Scouting the Campsite
Chart out your camping route ahead of time and think about bringing an actual map or GPS, since cellphones don’t always get reception in remote areas. Rules and regulations vary from state parks to privately owned campgrounds so it’s best to research things ahead such as quiet hours, campsite fees and trail passes. A vehicle admission sticker is required on all motor vehicles stopping in state parks and recreation areas; we recommend investing in the annual pass to get the most bang for your buck. Not sure where to camp? Here are a few resources to help you decide:
- For placing your reservation: Visit Reserve America
- For browsing destinations:
What to Bring
You never know what Mother Nature has in store, so packing the right gear can be the difference between a soggy weekend and one you’ll remember for years.
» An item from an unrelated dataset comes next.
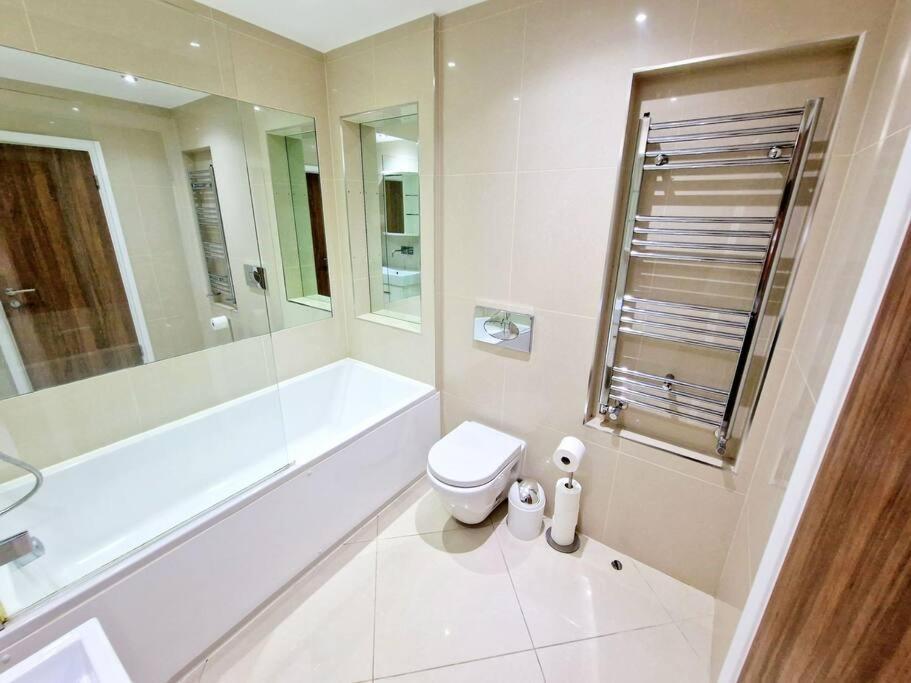 Modern Hyde Park Home With Private Entrance & Private Back Patio Near Bayswater & Paddington Stations ลอนดอน ภายนอก รูปภาพ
It’s also easy to forget the camping essentials such as matches, extra rope or bug spray. We found this comprehensive checklist from outdoor experts, REI that includes all of the above and more. Check it out and be prepared!
Food Storage When Camping
Our four-legged woodland friends (large and small) are always on the look out for a free meal, and you’d be surprised how dexterous some of them can be! If possible, food should be stored downwind of your site and always properly secured before you go to bed or venture out for the day. We recommend a metal food locker or scent-proof and hard-to-open canister. Anything aromatic (including lotions or bug spray) should be stored similar to food. Some campers opt to tie up their food (and garbage, too) in a tree, a little ways away from the site, to help to avoid extra dinner guests.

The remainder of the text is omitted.